To Succeed with the Digital Declutter
- STEP #1: DEFINE YOUR TECHNOLOGY RULES
- STEP #2: TAKE A THIRTY-DAY BREAK
- STEP #3: REINTRODUCE TECHNOLOGY
The Minimalist Technology Screen
To allow an optional technology back into your life at the end of the digital declutter, it must:
Serve something you deeply value (offering some benefit is not enough).
Be the best way to use technology to serve this value (if it’s not, replace it with something better).
Have a role in your life that is constrained with a standard operating procedure that specifies when and how you use it.
Strategies to Digital Minimalism:
- Ask the Question: “is this the best way to use technology to support this value?”
- Get rid of your smartphone and replace it with a basic flip phone. (Kind of Extreme lol)
- maximizing convenience is prioritized much lower than using technology to support his values.
- Bookmark the page you want to go to such as your personal/business account, Facebook/Twitter/Linkedin instead of going through the instant feeds. This allows you to jump straight to the page you want to visit.

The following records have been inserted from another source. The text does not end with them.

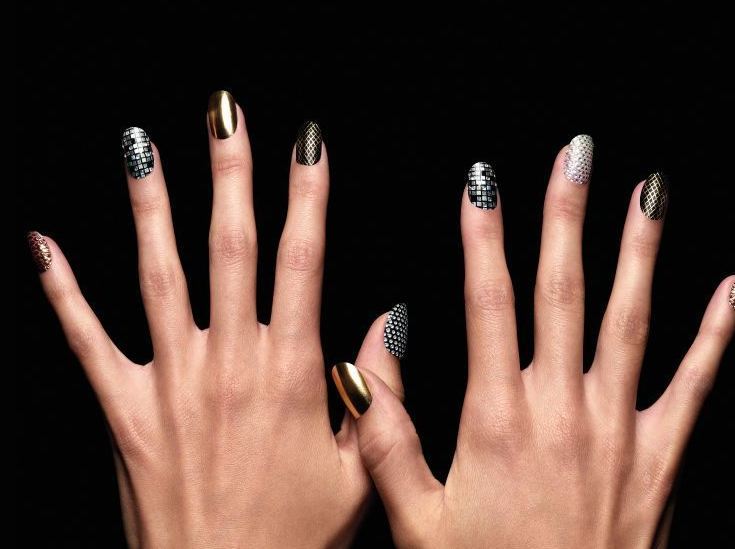 L'Oreal Launches FashioNAILable Art Stickers
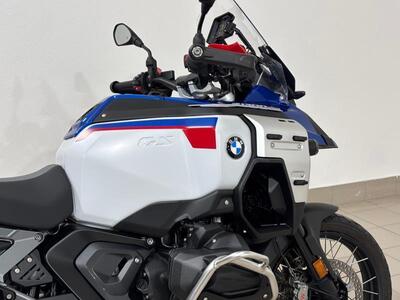 Bmw R 1300 GS Adventure Trophy (2025) usata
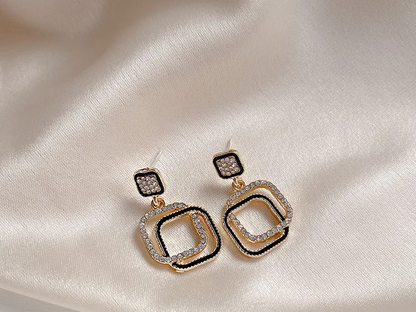 Korean Style Fashion Pearl Camellia Earrings for Women Girls Crystal Pendant Jewelry Lady Trendy Vintage Accessories Ear Rings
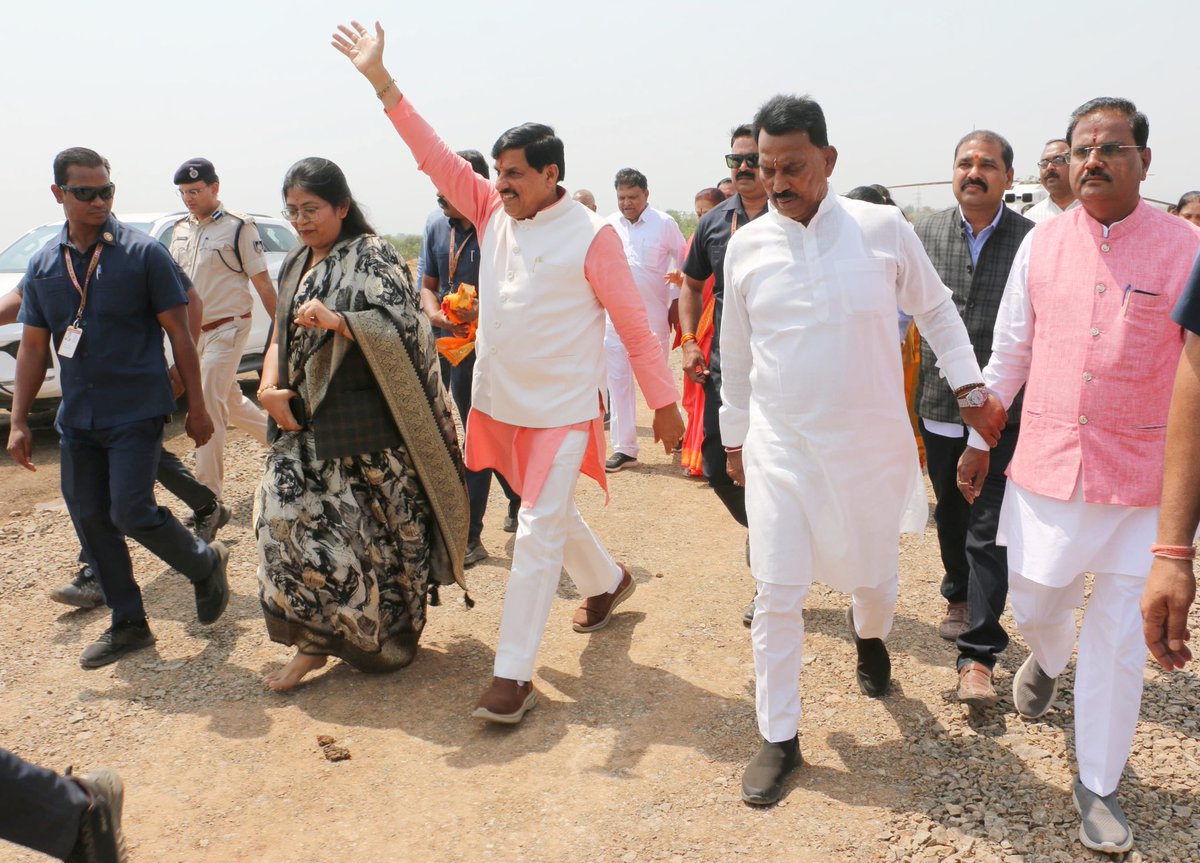 proburhanpur's tweet image. बुरहानपुर जिले के नेपानगर में मुख्यमंत्री डॉ. मोहन यादव का आगमन हुआ। हेलीपेड पर जनप्रतिनिधियों एवं प्रशासनिक अधिकारियों द्वारा आत्मीय स्वागत किया गया।
@CMMadhyaPradesh
@DrMohanYadav51
@JansamparkMP #DrMohanYadav #CMMP #MPNews #नेपानगर #Burhanpur #VikasKiSaugat #JanjatiyaSammelan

- Take a Digital Break at least once a week maybe on Sundays
- Activate Screentime or Moment App to measure your phone usage.
- PRACTICE: CONSOLIDATE TEXTING
A major obstacle in attempting to shift your social life from connection back to conversation is the degree to which text communication—be it delivered through SMS, iMessage, Facebook Messenger, or WhatsApp—now pervades the very definition of friendship. Author of Reclaiming Conversation: The Power of Talk in a Digital Age, Sherry Turkle, who has been studying phone use since the beginning of the smartphone era, describes this reality as follows:
Phones have become woven into a fraught sense of obligation in friendship. . . . Being a friend means being “on call”—tethered to your phone, ready to be attentive, online.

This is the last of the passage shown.